Investigaciones relacionadas con la motivación hacia la escritura

   Existen numerosas investigaciones que tratan de relacionar la motivación con numerosos tipos de variables.

1)    Wong (1998) menciona los buenos resultados obtenidos por diferentes investigadores en intervenciones que combinan el entrenamiento en atribuciones causales (uno de los determinantes más importantes de la motivación), y el entrenamiento en estrategias de autocontrol y autorregulación para mejorar la comprensión lectora en alumnos con dificultades de aprendizaje.

2)    En España también, el equipo dirigido por los profesores Julio Antonio González-Pienda y José Carlos Núñez de la Universidad de Oviedo, estudia la influencia de las metas académicas, atribuciones, autoestima y autoconcepto en el rendimiento académico y las estrategias de aprendizaje, tanto de alumnos de secundaria como universitarios (GonzálezCabanach, Valle, Núñez, & González-Pienda, 1996; González-Cabanach, Valle, Piñeiro, Rodríguez, Núñez, 1999; González-Pienda, Núñez, GonzálezPumariega & García, 1997; González-Pienda et al., 2000; Nuñez, González-Pienda, García, González-Pumariega, & García, 1995; Núñez, González-Pienda, García, González, Roces, Álvarez & González, 1998; Valle et al., 1998).

3)    Autores iberoamericanos como Boruchovitch (2004) han tratado de relacionar componentes motivacionales, como las atribuciones de niños entre 8 y 14 años, y el éxito en un contexto específico como es el de las matemáticas, concluyendo que la atribución más importante para el éxito en matemáticas es el esfuerzo realizado

4)     Torre y Godoy (2004), estudian la influencia de las atribuciones, en este caso del profesorado, en el componente afectivo.

5)     Rego y Pereira (2004), tras pasar unos cuestionarios a 1201 estudiantes entre 16 y 19 años, concluyen que hay cuatro dimensiones comportamentales (comportamiento participativo, orientación práctica, concienciosidad y cortesía) que explican el 57% de la varianza de la motivación de los estudiantes.

6)    Valdéz, Mondragón y Morelato (2005), intentan comparar la estructura mental del autoconcepto en niños mexicanos y argentinos, pareciendo que los argentinos se orientan de forma más natural hacia el desarrollo intelectual mientras que los mexicanos requieren de mayor orden y severidad.

7)     Mestre, Samper y Pérez-Delgado (2001) realizaron un estudio longitudinal para observar el desarrollo del autoconcepto en 333 adolescentes con una media de 15 años, concluyendo que factores como la cohesión, la expresividad y la organización familiar favorecen un autoconcepto positivo mientras que la conflictividad familiar mantiene una relación negativa con el autoconcepto.

8)     García y de Caso (2004) llevaron a cabo un estudio donde intentaban mejorar la escritura a través de técnicas motivacionales, logrando con éxito modificar la calidad y productividad de los textos escritos por una muestra de 66 alumnos de 5º y 6º de educación primaria con dificultades de aprendizaje, pero que no aumentaron su motivación todo lo que se pretendía, puesto que sólo las actitudes hacia la escritura se hicieron más positivas tras el entrenamiento específico.

9)    Klassen (2002 a y b) realiza una revisión de los estudios que tienen en cuenta la influencia de las creencias sobre autoeficacia en la composición escrita (componente principal de la motivación según Pajares, 2003), encontrando únicamente 16 estudios que miden, de manera muy precaria este factor, el cual considera como componente motivacional, pero que como él mismo recalca, no es la variable central de estudio en ninguna de esas investigaciones.

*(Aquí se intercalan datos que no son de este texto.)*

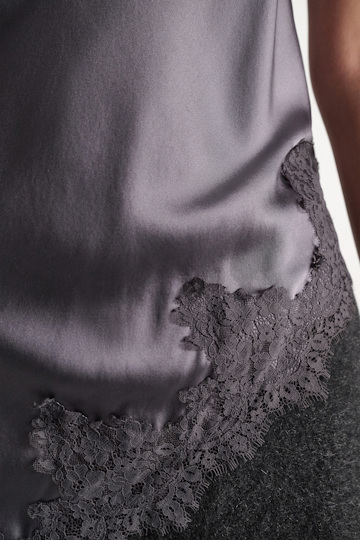 Dorothee Schumacher Negligee-Top aus Seiden-Stretch-Satin dark oyster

Mediante esa revisión se llega a la certeza de la importancia que tienen las creencias sobre la autoeficacia en la predicción de la calidad de la escritura en alumnos pre y adolescentes, señalando que la necesidad de creer en nuestras propias capacidades es esencial para dirigir y ejecutar las diversas habilidades que la tarea de escribir conlleva. Pero, además, expone cómo las creencias sobre la propia autoeficacia son evaluaciones específicas que dependen del contexto y que se forman mediante la propia experiencia, las experiencias vicarias, la persuasión social y las interpretaciones de los estados fisiológicos y emocionales, formando parte de la motivación de la persona para escribir.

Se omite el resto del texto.